His self-titled first record starts us off with a feeling of relaxation, as Prine sings of forgetting one's troubles through an “Illegal Smile.” It is a relatively inexpensive means of attaining inner peace, and it does no harm to anyone else.
We proceed from a relaxed state to one of comic relief, the feeling elicited from “Spanish Pipedream.” Better known as “Blow up your TV” because of its chorus, the track amusingly tells of a Montreal-bound soldier who falls for an alchol-bound barroom dancer.
“I sat down at the table and I acted really naive, for I knew that topless lady had something up her sleeve,” Prine quips in the second verse.
The lyrical roller coaster, having already looped from relaxation to humor, next takes us down to the somber idea of aging. “Hello in There” is Prine's heart-wrenching depiction of Loretta and her husband, senior citizens whose children have died or scattered and who feel ignored by the rest of society.
“Sam Stone”, a portrait of an ex-GI who returns home with a drug addiction, renders us with feelings of helplessness. Prine leaves us with the stark scene of the war hero's suicide: “Sam Stone was alone when he popped his last balloon, climbing walls while sitting in a chair, an overdose hovering in the air.”
The album's most well-known song comes next, and it evokes strong nostalgia for childhood. “Paradise” captures a boy growing up in Kentucky's Muhlenburg County, where he fondly recalls shooting pop bottles and fishing in Green River before the coal companies destroyed the natural beauty of the mountains.
Next on the amusement park ride that is John Prine, listeners are sent up to a height of political satire. “Your Flag Decal Won't Get You Into Heaven Anymore” humorously exposes the hypocrisy of those who claim to live by Jesus yet at the same time support war, ending with St. Peter refusing to allow such shameless folks to enter the Gate.
In true roller coaster style, Prine's ride then takes you down on the track “Far From Me.” It is no doubt the most personal song of the baker's dozen, as Kathy the waitress delays her inevitable intention of breaking things off with the narrator.
“She asked me to change the station, said that song just drove her insane,” Prine laments. “But it wasn't the music playing, it was me she was trying to blame.”
Relationships, or lack thereof, are also the topic on the next song. In “Donald and Lydia” Prine paints portraits of two lonely individuals, one a cashier at an arcade and the other a soldier.
They make love in the mountains, in the streams, and in the valleys, according to the last verse: “But when they were finished there was nothing to say, because mostly they made love from ten miles away.”
As soon as we exhale a chuckle at the idea of the lonely couple's self-pleasuring, Prine decides to carry once again a down loop.
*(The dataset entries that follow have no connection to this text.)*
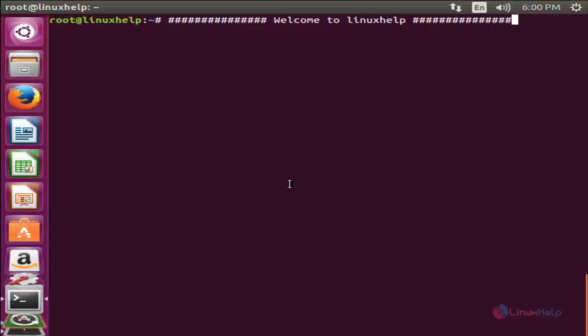Welcome to Linux app tutorial. In this video we are going to see how to install and configure Guacamole in Linux. Guacamole is a tool which allows access to remote clients using a web browser. It is a clientless remote desktop tool that supports standard protocols like VNC, RDP, and SSH.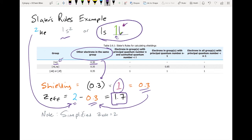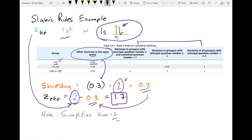This shows you that you just need to figure out which electron you're interested in, look at what other electrons are in the current group or other groups, multiply by the shielding coefficient — in this case 0.3 for one electron — add up all the shielding, and subtract from the atomic number. As a recap, if you had used the simplified Z-effective nuclear charge, your answer would have been 2. Slater's rules actually does a better job of predicting ionization energy than the simplified Z-effective nuclear charge.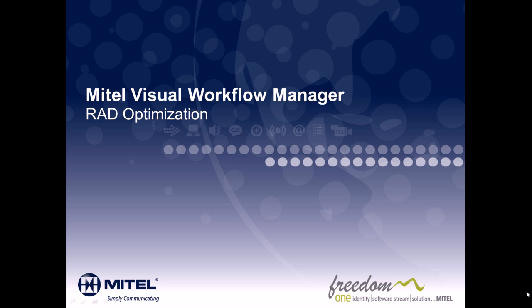Hi, and welcome to the Mitel Visual Workflow Manager RAD Optimization Overview Demonstration.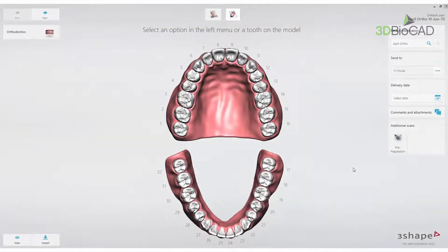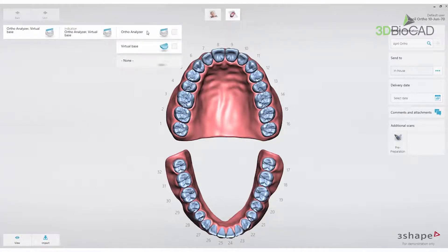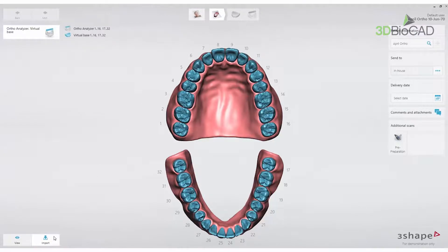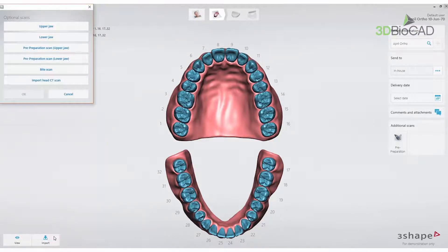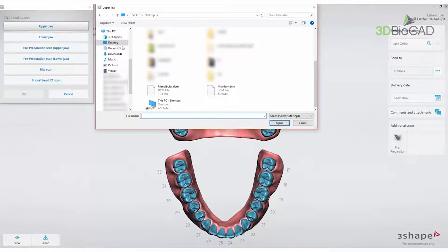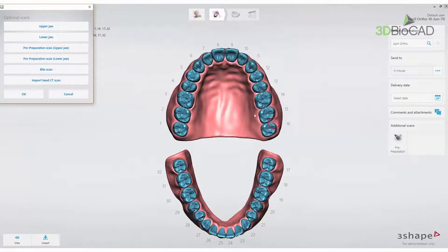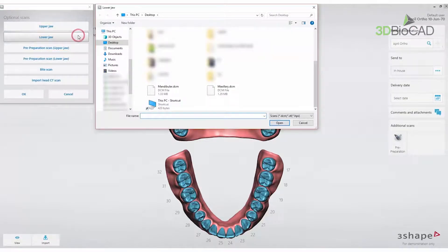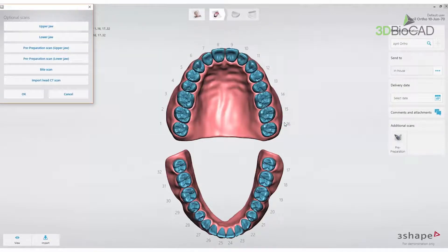When a new patient with a new case has been created, open the Dental Desktop order form by selecting the first icon, Case Setup, in the workflow bar. Select Orthodontics and click on Virtual Base and/or OrthoAnalyser according to what you need to do with the case. Select the Import button in the lower left corner of the screen and import Upper Jaw, Lower Jaw, and CBCT Scan subsequently.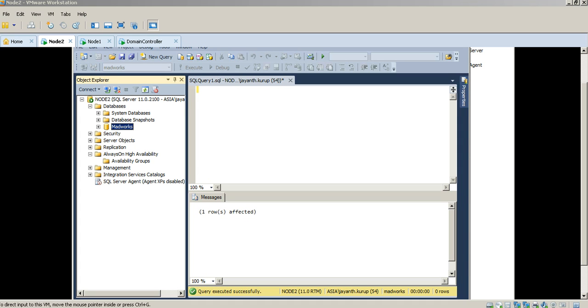Hi. In this second video, we're going to look at the continuation of the Always On Availability Group video and how to configure and set up Always On.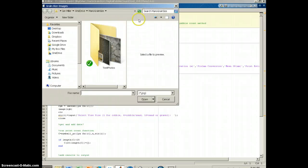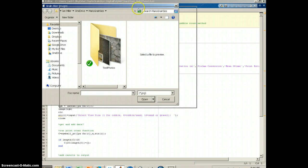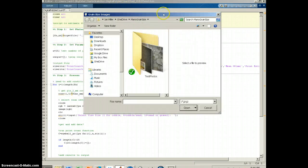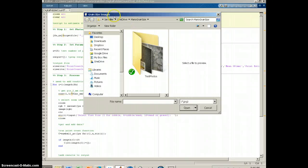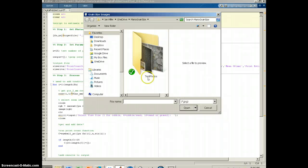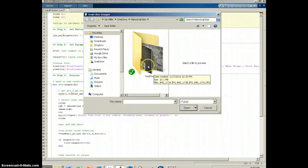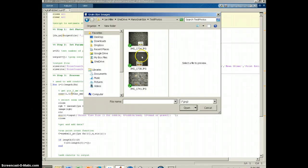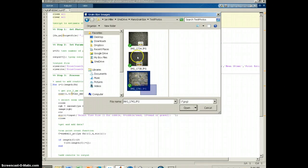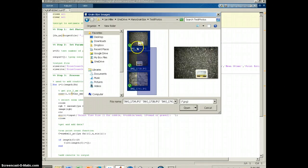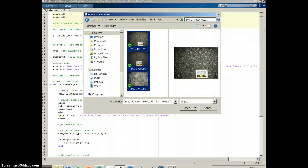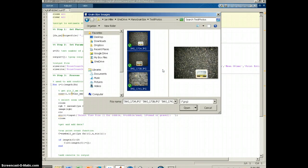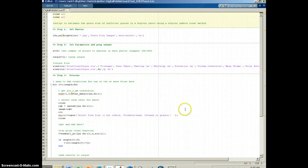When you click run, the first thing that should happen is it should open up a file selection box in which you should see your folder that contains your photos. You need to click on that folder and then select the photos you want to analyze. You have to select more than one, at least two. If you select only one, it's going to give you an error message. So I'm going to select these three and say open.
James Louis, the fatherless kid with two first names, comes to a tragic end in “Six o' Clock News.
“The whole town saw Jimmy on the six o'clock news,” Prine explains. “His brains were on the sidewalk, blood was on his shoes.”
At last we must disembark from the roller coaster, feeling exhilaration and melancholy and nostalgia all at the same time. But like most kids at an amusement park who cannot wait to experience the ride again, Prine fans have been delightfully climbing back on the emotional musical roller coaster for the last half century.